No matarás, no robarás, no… Así lo dictan los decálogos éticos de las principales religiones monoteístas. Igualmente, en todo el mundo, constituciones políticas, normas de buena conducta, reglas y principios de acción son más o menos compendios donde se describe con detalle determinadas interdicciones y las respectivas puniciones ante su incumplimiento, trasgresión o directamente violación. De forma similar a como ocurre con el cristianismo, en el que el “pecado” puede cometerse por acción, omisión, palabra o pensamiento, en el Derecho siempre encontraremos las mismas figuras de interdicción (exceptuando quizás por nuestros íntimos pensamientos, que ningún ser humano puede conocer, salvo nosotros mismos), que si bien remozadas y adecuadas a determinadas situaciones específicas para cada cultura, dada su omnipresencia, vendrían a representar una característica propia de nuestra especie.
Pero sí, podemos asegurar que el castigo es un hecho sociológico e histórico, del cual sólo deberíamos temer sus excesos y sus injusticias, pero no su existencia misma (pues toda punición sirve objetivamente para prevenir los desbordes), ¿dónde quedó la recompensa para las “buenas acciones”? Efectivamente, las recompensas a los logros también han existido a lo largo de la historia, pero en general han sido menos numerosas que los castigos, y en cuanto a su “impacto” –trátense de los actuales premios Nobel o de las antiguas distinciones que recibían los bravos guerreros–, quizás no superen el que producen las máximas puniciones como la horca, la guillotina, el fusilamiento, el linchamiento, etc., como formas desbocadas de la violencia.
Aquí existe una clara asimetría entre el castigo y la recompensa. A no ser que se traten de eventos realmente excepcionales, las recompensas no se las concede normalmente por las pequeñas acciones diarias que se estima socialmente como “buenas” o “benefactoras”, mientras que su trasgresión, o peor, la subversión de las mismas provoca un efecto inmediato, un castigo. Es algo propio de muchas culturas y que data de la antigüedad. Así, para el filósofo Sócrates, es mejor padecer un mal que cometerlo, y si se ha cometido alguna injusticia o mal, es peor aún escapar del castigo que ser castigado… ello por su propio bien y el de la sociedad en que vive. Dicho con discreción, el castigo se impone por sí mismo como necesario y bueno.

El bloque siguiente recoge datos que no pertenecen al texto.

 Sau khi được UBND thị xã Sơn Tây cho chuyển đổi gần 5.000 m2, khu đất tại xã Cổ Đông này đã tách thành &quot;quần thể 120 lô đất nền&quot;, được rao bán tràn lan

Y esto lo vemos cada día, en nuestra vida corriente. Por ejemplo, sea porque en la mañana un joven nos empuje en la calle sin pedirnos perdón, o porque un vecino bote la basura en un espacio público que debiera tenerse limpio, y aunque no exista un castigo efectivo en los hechos, como una reprimenda o un insulto, nuestro rechazo será inmediato. En cambio, un simple gesto de ayuda del mismo joven hacia un anciano, o del mismo vecino respecto de su ciudad, las más de las veces acabarán como una gentil sonrisa, o con un simple “gracias”. Claro está, toda sociedad tiene para sí sus propios criterios de urbanidad y de respeto por los demás, y lo más lógico sería pensar que debieran cumplirse sin que exista un premio de por medio, justamente porque se trata de un conjunto de códigos de convivencia colectiva, a veces no escritos, que se supone todo el mundo respeta y pone en práctica. Y sin embargo constatamos en los hechos otra realidad.
Poco a poco la transgresión, en todos sus sentidos, se transforma en la norma. De hecho, el endurecimiento de las condenas penales, aunque comprensible en ciertos contextos, no debiera ser justificable sin más. Castigar con severidad extrema hechos graves implica una escalada de violencia. Esto porque la lógica de este endurecimiento es una respuesta violenta (legitimada, pero violenta, al fin y al cabo) ante actos de violencia que precisamente se quiere erradicar.
Sí, es cierto que los humanos funcionamos eficientemente a través del “castigo”, pues así lo demuestran la psicología y hasta la biología. Pero también es cierto que la “recompensa”, bien empleada, puede convertirse en un excelente reforzador de determinadas conductas y puede promover buenos comportamientos. Esto exigirá una reingeniería del corazón y de la mente. Y después de todo, si nuestra especie ha sido capaz de logros materiales sorprendentes, ¿por qué no pensar en una sociedad mejor y que evolucione hacia el bien colectivo? Acaso sea una utopía más, pero nunca lo sabremos realmente si no nos ponemos manos a la obra. Premiar las buenas acciones es mejor que castigar las malas acciones.